Запомнился рассказ Майи Иосифовны Туровской о том, как этот спектакль принимали в Мюнхене. Публика была чопорная, приезжала на фешенебельных машинах, в дорогих нарядах. Ждали встречи с известным артистом, в зале — аншлаг, название обещало предвкушение удовольствия. Несколько минут раздавались смешки, готовность откликаться на шутки. Но вскоре в зале возникло тяжелое напряжение. Заканчивался спектакль в полной тишине. Аплодировали недолго, но уважительно. Расходились в полной тишине. Разъезжались, не обмениваясь впечатлениями, не глядя друг на друга. Да, ликующее лицедейство актера и здесь торжествовало, ни одной минуты халтуры, ни одной потачки публике — полная отдача. Но в какие-то секунды ты начинал ощущать, что страх охватывает тебя с «жестокой внятностью диагноза»: старость и одиночество все равно придут и смерть неизбежно настигнет, рано или поздно. Все там будем. И зал, будь то в Москве или Мюнхене, в эти минуты затихал, просто было жалко чьей-то тихой, скромной жизни, заканчивающейся так мучительно и безнадежно. Что-то внутри протестовало, это сердце кричало, переполненное страданиями и болью.
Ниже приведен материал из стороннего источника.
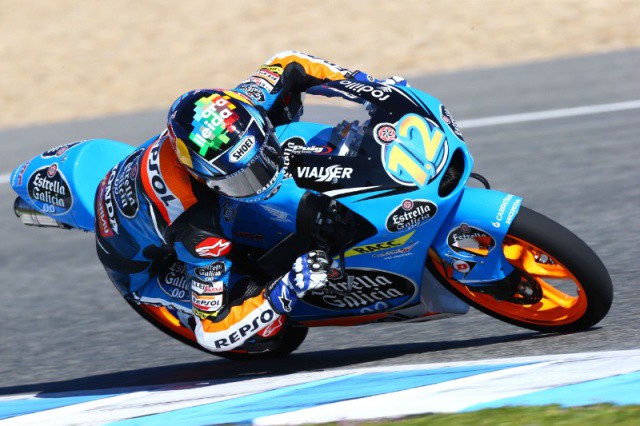 Alex Marquez campeon del mundo de Moto3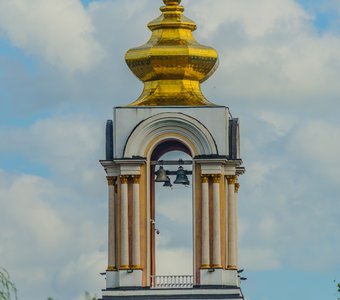 Храм Великомученика Георгия Победоносца. город Курск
Спектакль «Комната смеха» («Русская народная почта»), отмеченный премией «Золотая маска», недолго держался в репертуаре, «складности» в нем было маловато, но постановка была важна и для студии, и для ее руководителя. Во-первых, помня выражение, что «актер — это летопись века», спектакль показал и наш век, и каков в нем человек. Во-вторых, исполнитель раньше других понял, что такое «Новая драма», чего от нее можно ждать, а на что надеяться не стоит. Для исполнителя эта пьеса, как всякое художественное произведение, прозвучало призывом к состраданию и опровержением мысли, что человека надо «не жалеть… не унижать его жалостью…», что было ложью по отношению к национальному характеру, к душевной потребности русского человека.
Табаков часто повторял, что человек мало менялся от Рождества Христова. Полагаю, человек должен быть готов и к тому, что в морду бьют по-прежнему — и что цена жизни — копейка. Но, как говорил другой наш современник: «Мы — не диагноз, мы — боль…» По отношению к сказанному актером трудно было найти лучшего материала для театральной работы, нежели пьеса Максима Горького «На дне». Постановку осуществил Адольф Шапиро, художником был Александр Боровский. Спустя три десятка лет Табаков вновь вышел на сцену в этой пьесе, сыграв на этот раз роль Луки. Седой опрятный бродяга появлялся в знакомой ночлежке. С удовольствием осматривался вокруг и проникался неподдельным любопытством к обитателям. Ему искренне все были интересны. Вот Настя плачет, читая книгу, а вот появился барон — неужели он и вправду был бароном? Все внове, все любопытно было для этого старика, который много исходил по земле, многое видел, а удивляться не разучился: «И все гляжу я, люди умнее становятся, все занятнее…» А уходил старик из ночлежки, потому что где-то у хохлов, говорят, открыли новую веру: надо поглядеть.